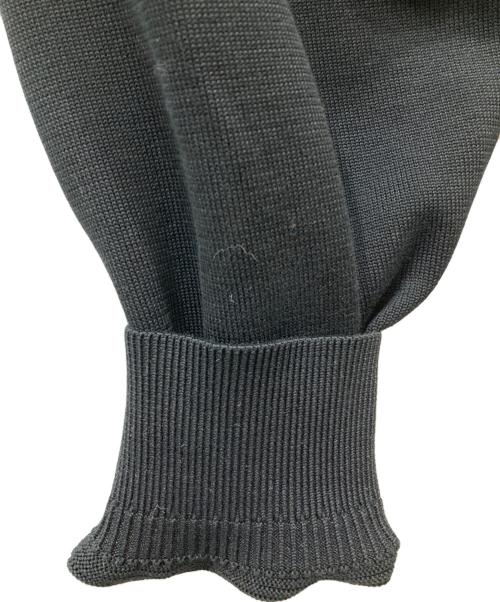 yashiki（ヤシキ）YASHIKI (ヤシキ) Itezora Big MA-1 Knit ブラック サイズ:SIZE 2の古着・服飾アイテム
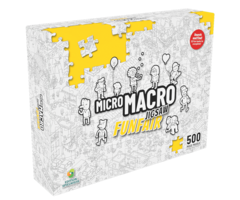 Misc Puzzle 500 pcs - MicroMacro Jigsaw Puzzle - Funfair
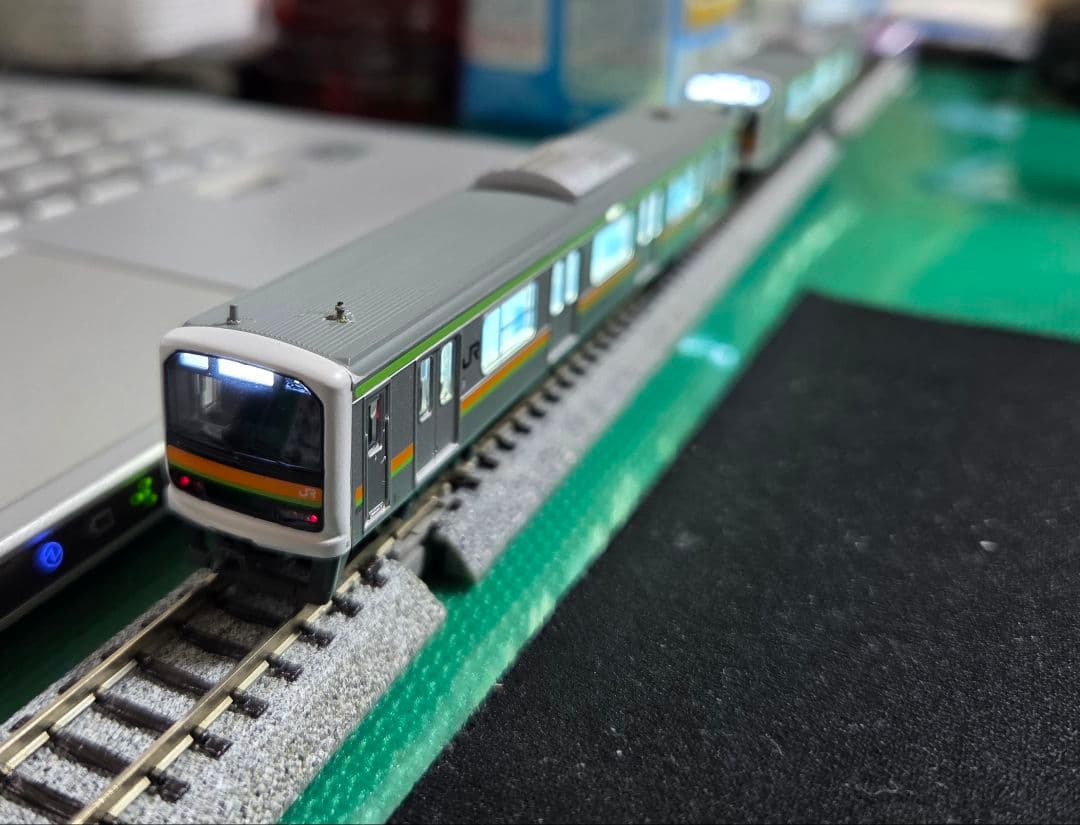 全車両室内灯付き❗️ マイクロエース A-7653 209系3100番代 八高線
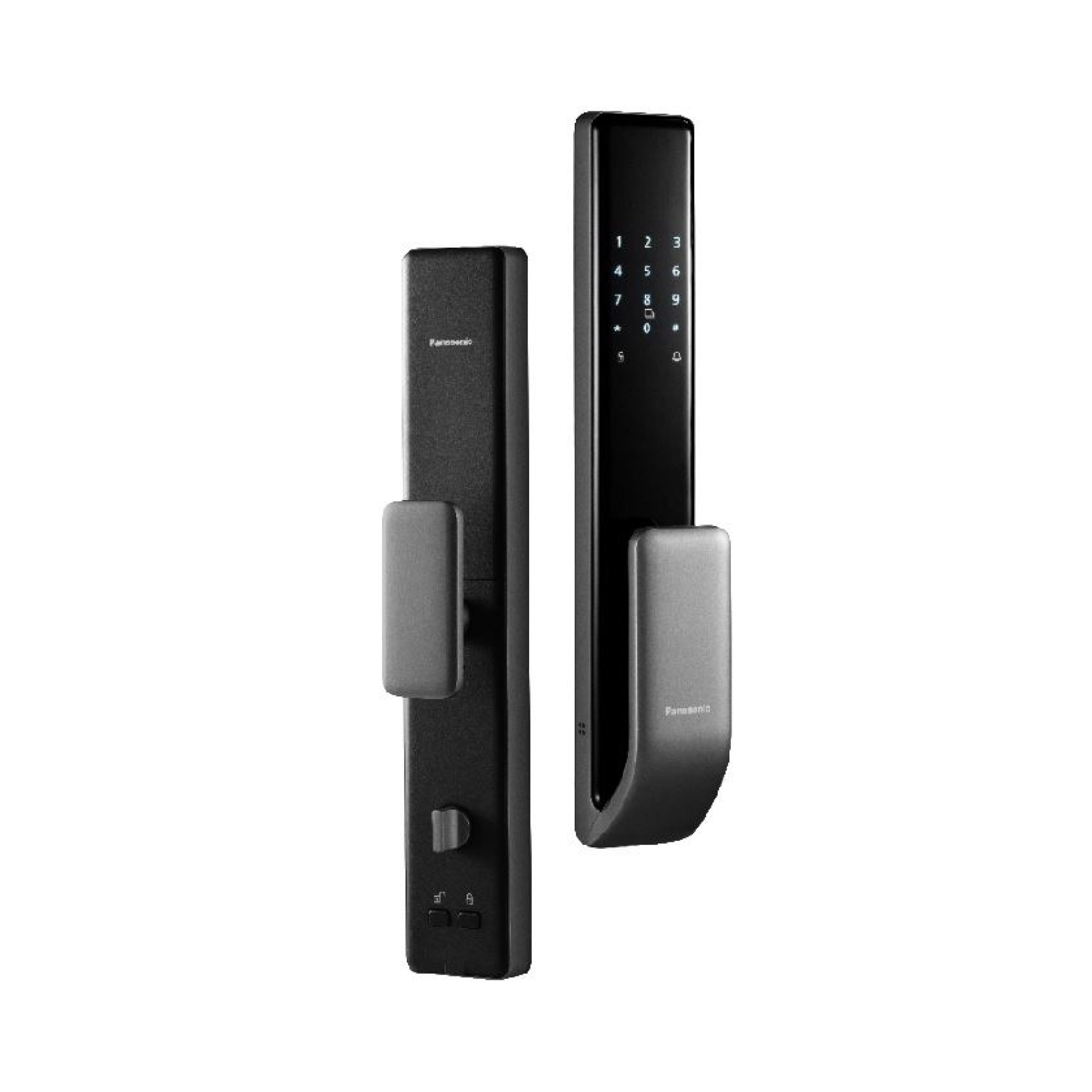 Panasonic 樂聲牌 EMR4112G-HK 智能鎖 (灰色)【包基本木門安裝】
——
*What the task requires*: Write out the whole listing verbatim, images excluded.

*Result of this exercise*:
 yashiki（ヤシキ）YASHIKI (ヤシキ) Itezora Big MA-1 Knit ブラック サイズ:SIZE 2の古着・服飾アイテム
 Misc Puzzle 500 pcs - MicroMacro Jigsaw Puzzle - Funfair
 全車両室内灯付き❗️ マイクロエース A-7653 209系3100番代 八高線
 Panasonic 樂聲牌 EMR4112G-HK 智能鎖 (灰色)【包基本木門安裝】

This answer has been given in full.